Yazının bazı bölümlerini aktarıyoruz:
“Kuzey Carolina’daki Duke Üniversitesi’nde hafıza araştırmacısı ve felsefeci Felipe De Brigard’a göre ‘affet ve unut’ ifadesi sorunlu. Bu ikili yüzyıllar öncesine dayanıyor. ‘Bana katlanmak zorundasın. Şimdi dua et unut ve affet’ diyordu Shakespeare’in Kral Lear’ı Cordelia’ya. Cervantes, Don Kişot’ta ‘Unutalım ve yaraları kapatalım’ diye yazmıştı.
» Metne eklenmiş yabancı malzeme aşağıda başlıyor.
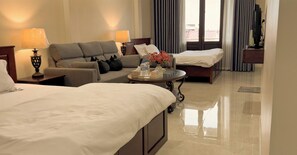 Junior-Suite, Balkon, Stadtblick | Kostenloses Internet per Kabel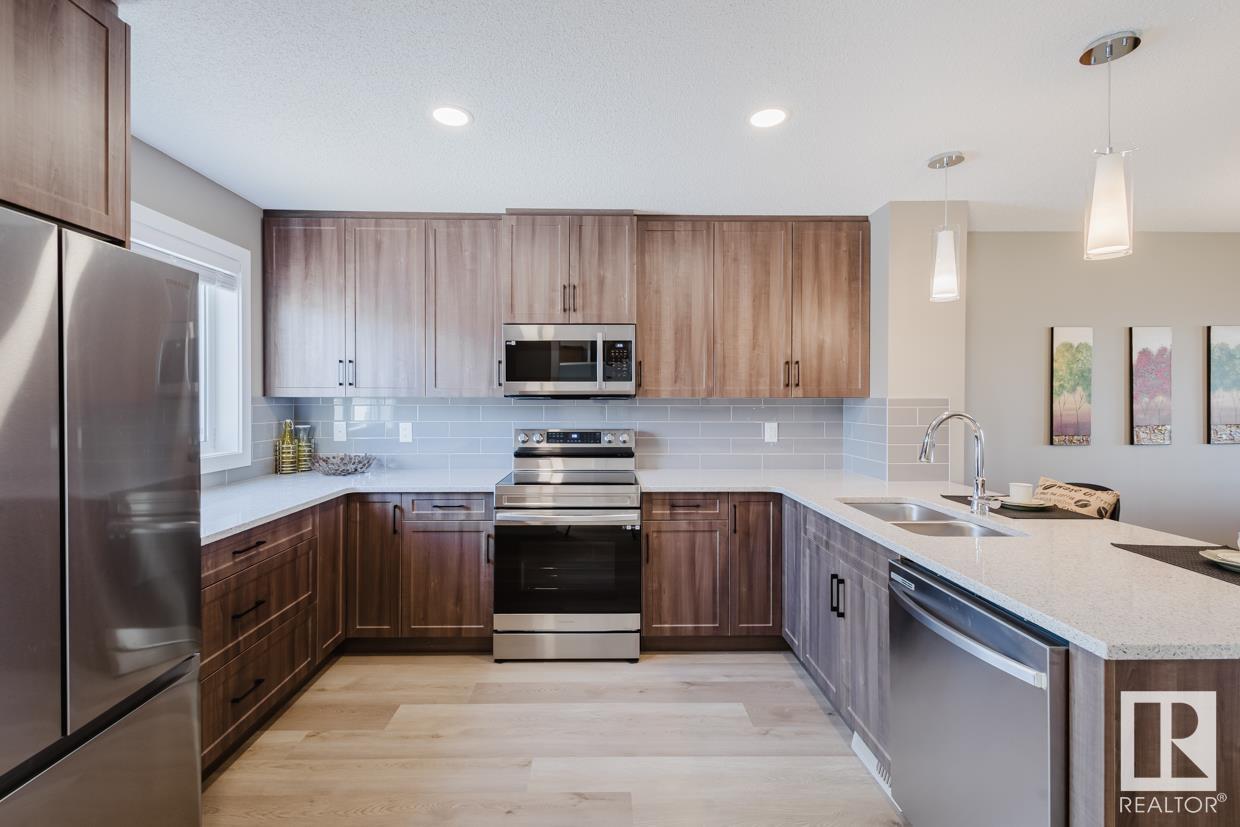 7114 51 AV Property Photo 1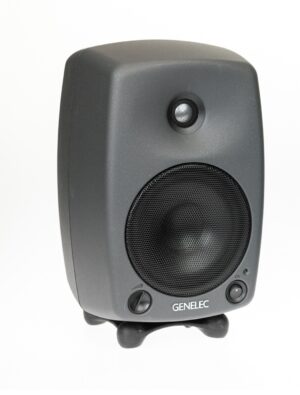 (Myyty) Genelec 8030A aktiivikaiutin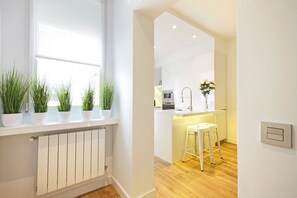 Køleskab, mikrobølgeovn, ovn, opvaskemaskine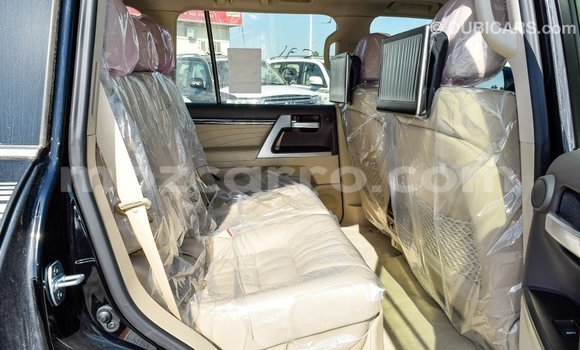 Comprar Importar Toyota Land Cruiser Preto Carro em Import - Dubai em Cabo Delgado Comprar Importar Toyota Land Cruiser Preto Carro em Import - Dubai em Cabo Delgado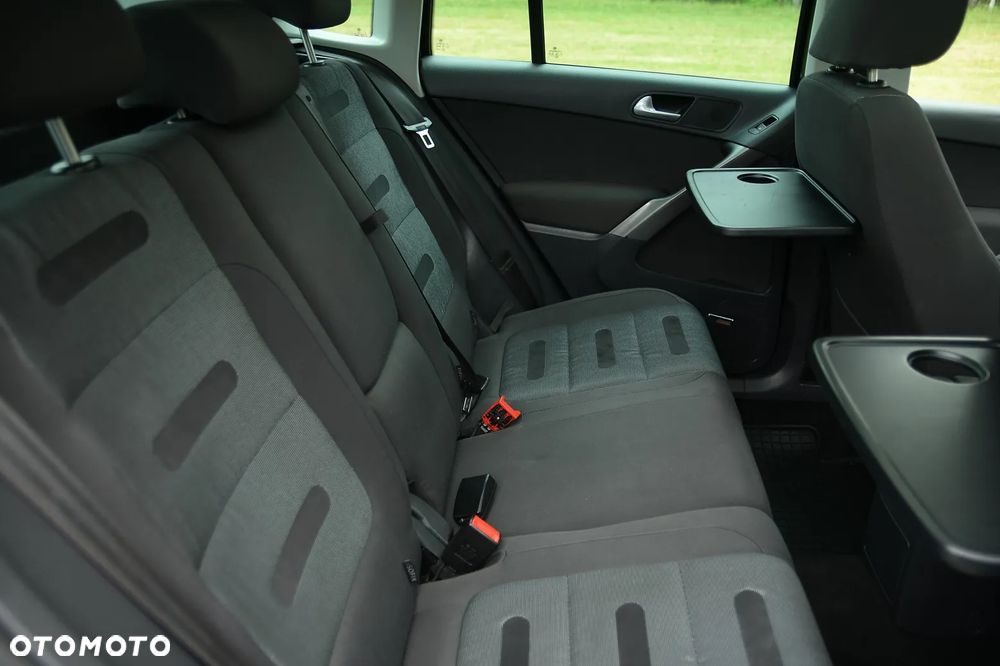Volkswagen Tiguan - 25
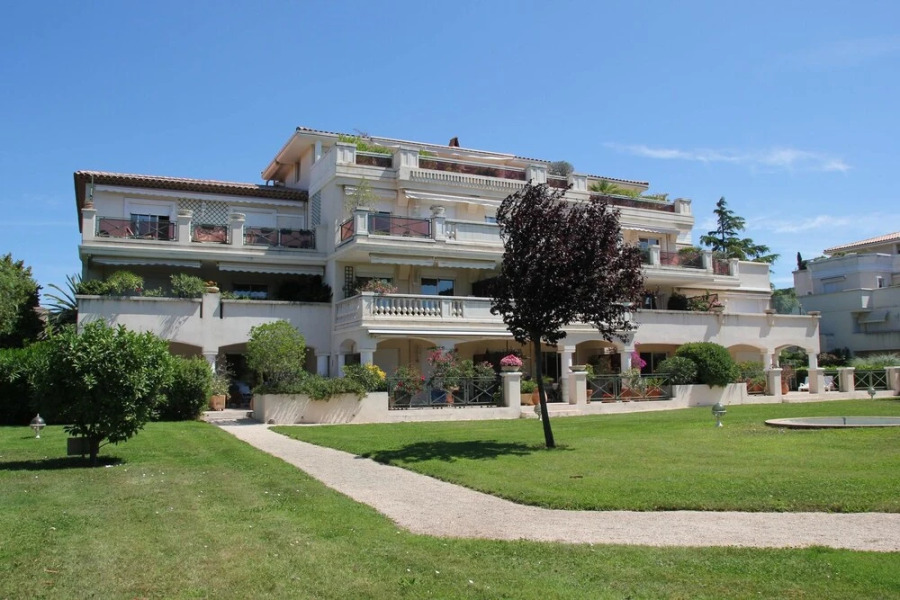 Apartment With one Bedroom in Carqueiranne, With Pool Access, Enclosed
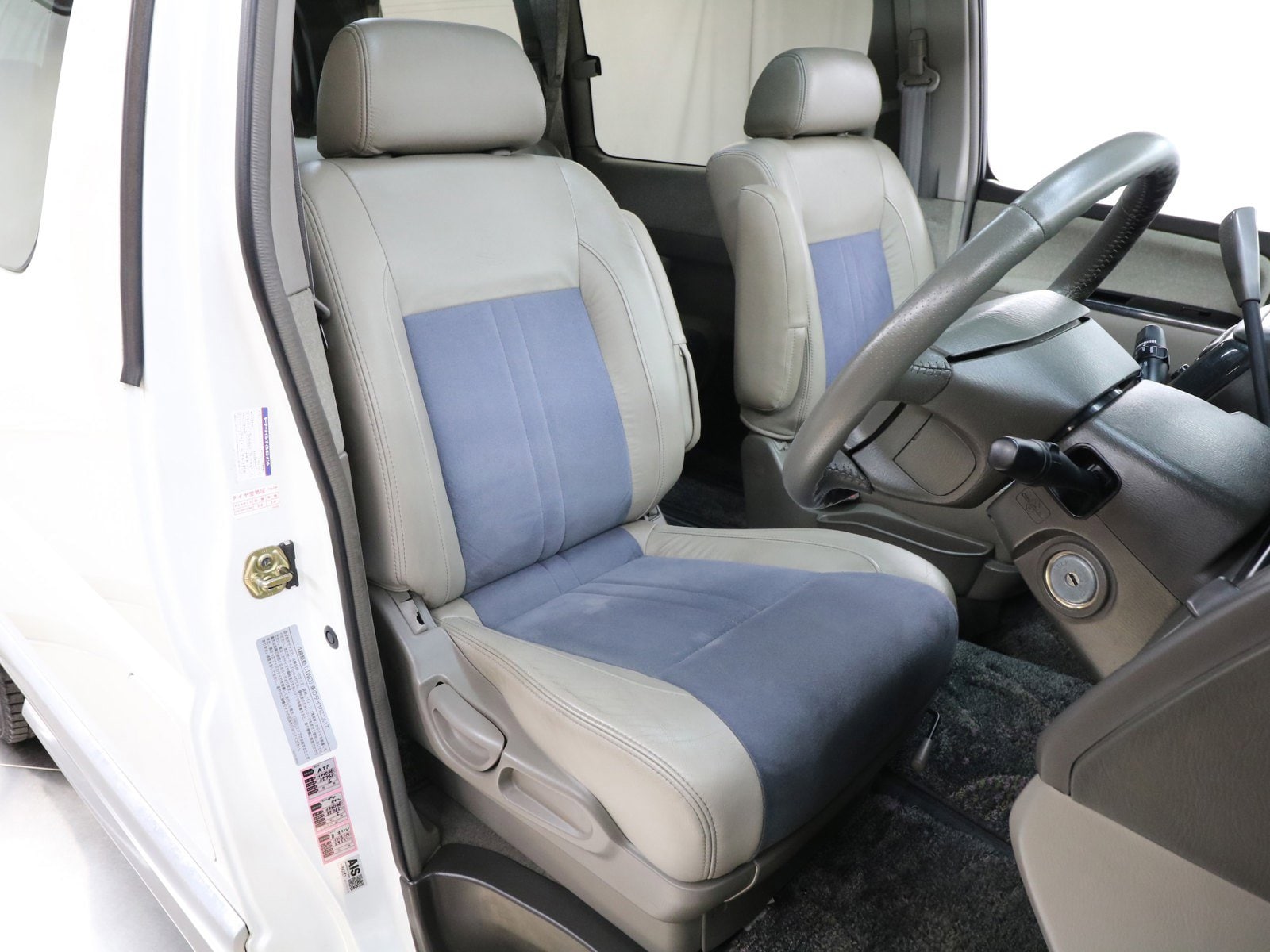 1998 Nissan Elgrand 14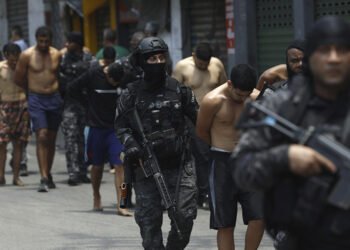 Al menos 64 muertos y 81 detenidos en una operación contra narcos en favelas de Río
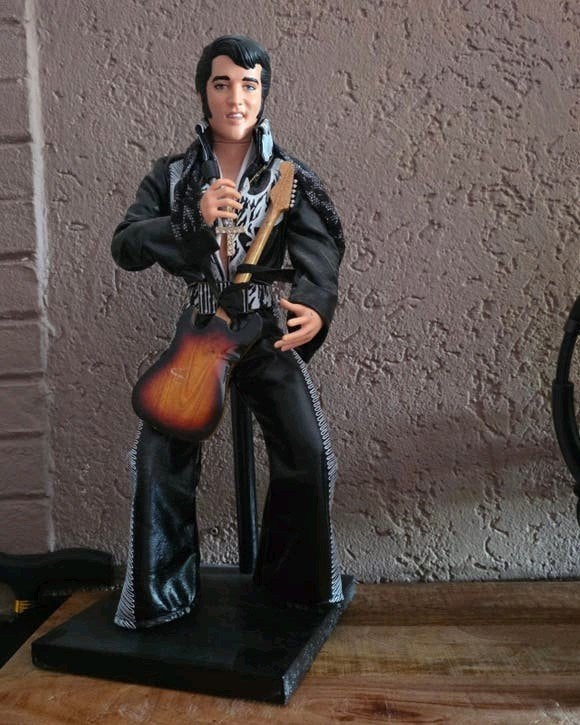 Zeer mooie Elvis Presley Pop met gitaar 46 cm, Ophalen of Verzenden, Zo goed als nieuw, Pop, Beeldje of Miniatuur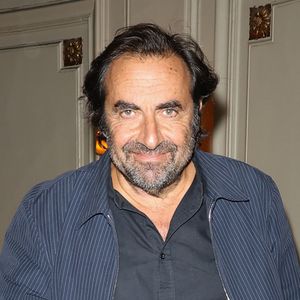 À 16 ans, il avait rencontré une adolescente prénommée Chantal lors d’une colonie dans la vallée de Briançon.

André Manoukian à la générale de la pièce "Un léger doute" au théâtre de la Renaissance à Paris le 29 septembre 2023. © Coadic Guirec / Bestimage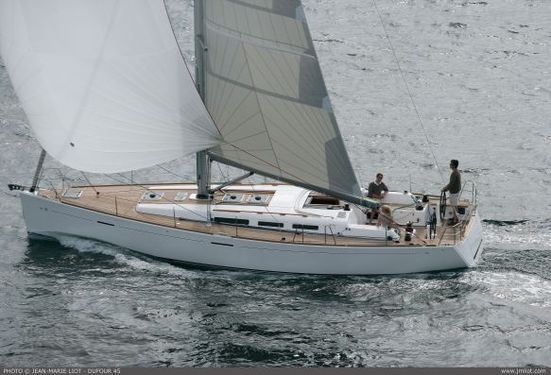Dufour 45E Performance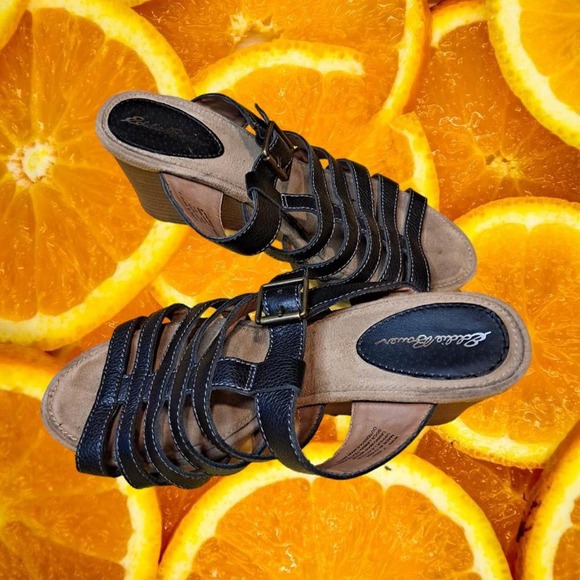 Eddie Bauer Black Heeled Strap Sandals with Buckle Size 7M‎ - Picture 1 of 6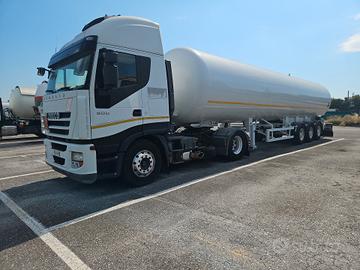 TRATTORE IVECO SM1V5042 \ A36 (RIF. 969)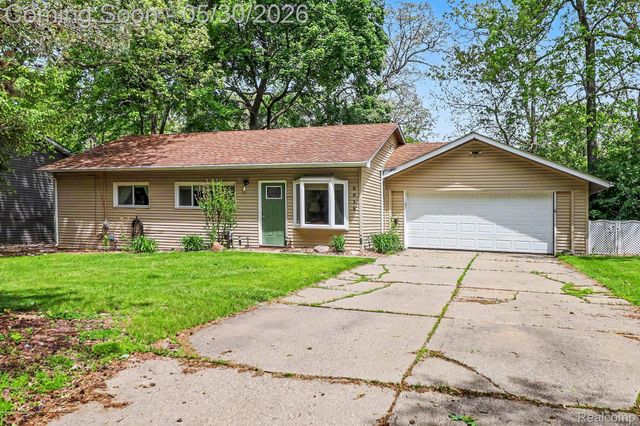 2512 Grandview Boulevard, Waterford Charter Township, MI 48329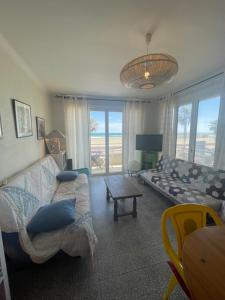 ein Wohnzimmer mit Sofa und Tisch in der Unterkunft DOMUS in Canet-en-Roussillon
Birine ‘affet ve unut’ tavsiyesinde bulunmak, affetmenin unutmakla veya geçmişte yapılan bir yanlışın kişinin aklından çıkmasına izin vermekle birlikte gerçekleşmesi gerektiğini ima eder.
Ancak De Brigard, kendisinin ve diğer pek çok kişinin, unutulması zor anılara sahip olduğu Kolombiya’da büyüdü. Güney Amerika ülkesi 50 yılı aşkın süredir en az 220 bin kişinin ölümüne yol açan bir savaş halindeydi ki bu kişilerin yüzde 80’inin sivil olduğu tahmin ediliyor. De Brigard 1980’lerde Bogotá’da yaşayan bir çocuktu. Aile üyeleri ve arkadaşlarının etrafı, uyuşturucu kartellerinin faaliyetleri ve ordu, gerillalar ve paramiliter güçler arasındaki savaşla çevriliydi. ‘Bombalar her yerdeydi’ diyor. ‘Hepimiz bu tür olaylarda ölen veya yaralanan insanlar tanıyorduk.’ 1996’dan 2005’e kadar her sekiz saatte bir kaçırma ihbarı oluyordu. De Brigard, ‘Birçok okul arkadaşımın ebeveynleri kaçırıldı, bazıları bir daha geri dönmedi’ diye anlatıyor. (…)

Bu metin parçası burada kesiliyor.